CPAJ: What effect, if any, do you believe that the convictions in the Enron case will have on fraud deterrence?
Criminologists define two kinds of deterrence: general and specific. The latter involves the effect of punishment on the individual who commits the crime. The notion is that, if you are punished for wrongdoing, you will be less likely to commit it in the future. General deterrence is the message that we supposedly get from seeing someone else punished. Many studies have concluded that general deterrence is much less effective than we would hope. The public has a short memory for those convicted of crimes, and in the long run the lasting effect of these punishments is likely to be minimal.

CPAJ: Many people believe that fraudsters get off with little or no punishment. Does this perception contribute to increased fraudulent activity, and would you support stiffer penalties for white-collar criminals as a deterrent?
I would not support stiffer penalties. Instead, I would advocate more uniform enforcement. Many may not realize that the United States has some of the harshest criminal sanctions in the industrialized world. For punishment to be effective, it must have three components: certainty, severity, and swiftness. Our criminal justice system can be severe. However, it is not certain or swift. Of the three elements, certainty is the most important. Until and unless we change the existing imbalance, increasing the severity of sanctions is largely futile.

CPAJ: Some in our society contend that the increase in fraud is because people are not as ethical today as they were in the past. Do you agree?
I’d like to see some valid scientific studies that test that notion, but I am not aware of any. Perhaps a more logical reason for fraudulent behavior is anomie theory, developed by sociologist Robert Merton. It argues that there is a disconnect between what we have and what we want, which then creates discord and pressure to acquire more. We live in a society where television and other media sometimes focus on those with incredible wealth and lavish possessions. That ultimately drives some to justify getting what they believe they deserve by any means.

CPAJ: Does the ACFE’s research show whether codes of conduct and ethics training really make a difference in reducing fraud?
No, but the topic is worthy of study. The cynic in me finds the idea ludicrous that a potential fraud offender, who is contemplating committing a criminal act that could send him or her to prison, would really be deterred by a company’s ethics policy. But my sense is that most organizations do not provide the proper kind of training in this area regardless. While it is noble to implore employees to “do the right thing,” I believe antifraud training needs to drive home how dishonest conduct hurts the company and everyone in it. Fraud costs jobs, raises, individual dignity, and the organization’s reputation.

Last year, the ACFE, in conjunction with the AICPA, produced a one-hour DVD training program titled “How Fraud Hurts You and Your Organization.” It can be used to educate employees from the mailroom to the boardroom, and it is available for free (except for mailing costs) via the antifraud and corporate responsibility center at I’d highly encourage this training program as a starting point for every organization, large or small.

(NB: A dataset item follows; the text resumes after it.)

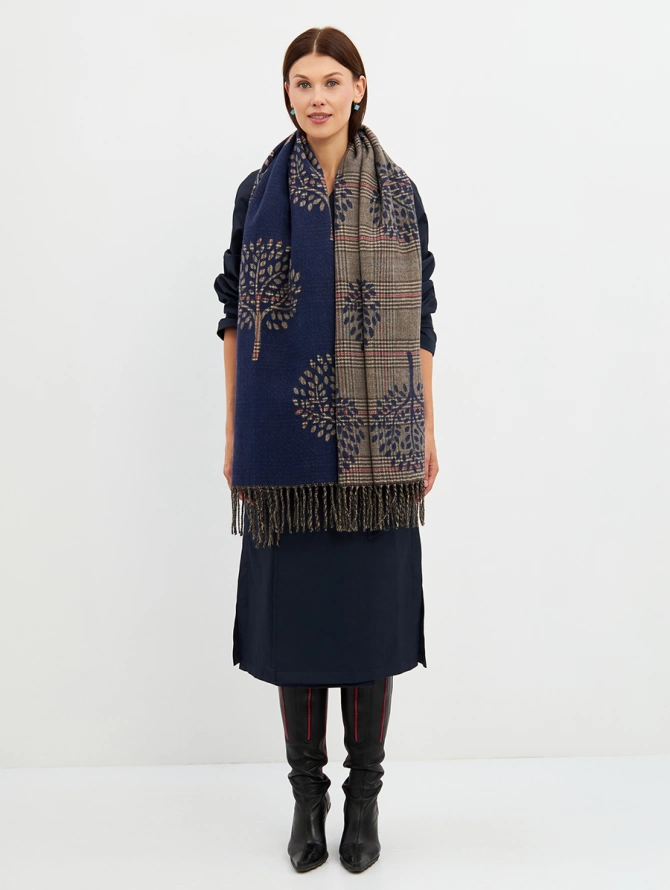 Палантин женский двусторонний в клетку с рисунком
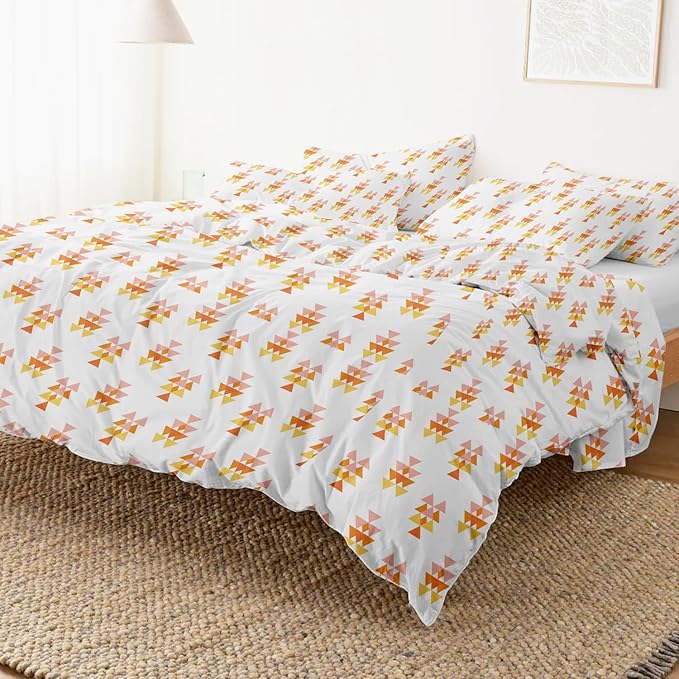 Kotton Culture Oversized King Size Duvet Cover Set 100% Egyptian Cotton - 600 Thread Count Breathable Durable Comforter Cover Zipper Closure & Corner Ties (Pastel Dreams,Oversized King 120"X98")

CPAJ: Beyond what they are currently doing, how can CPAs deter fraud?
Past what we have already discussed, CPAs need to take a more aggressive stance against fraud. Criminologists can provide a boatload of studies showing that punishment-based deterrence is largely ineffective. That does not mean fraudsters should escape atoning for their crimes—it is absolutely vital in a civilized society. But it does mean that we should not rely on punishment as our first line of defense.

What works is more cops on the beat, so to speak. In crime-ridden neighborhoods, the classic police response is to increase their presence, which increases the perception that illegal activity will be detected. If we translate the same concept to corporate crimes, we need auditors and fraud examiners who are actively looking for those who commit misdeeds, and for their mission to be clearly understood by everyone in the organization. To accomplish this, I’d suggest that auditors, in the normal conduct of their work, ask appropriate personnel three simple questions:

  • You understand that part of my job as an auditor is to detect and deter fraud. Do you think that the company has any particular problem in this regard?
  • Has anyone in the company asked you to do something that you thought was illegal or unethical?
  • In the future, if you become aware of illegal or unethical conduct, will you please contact me?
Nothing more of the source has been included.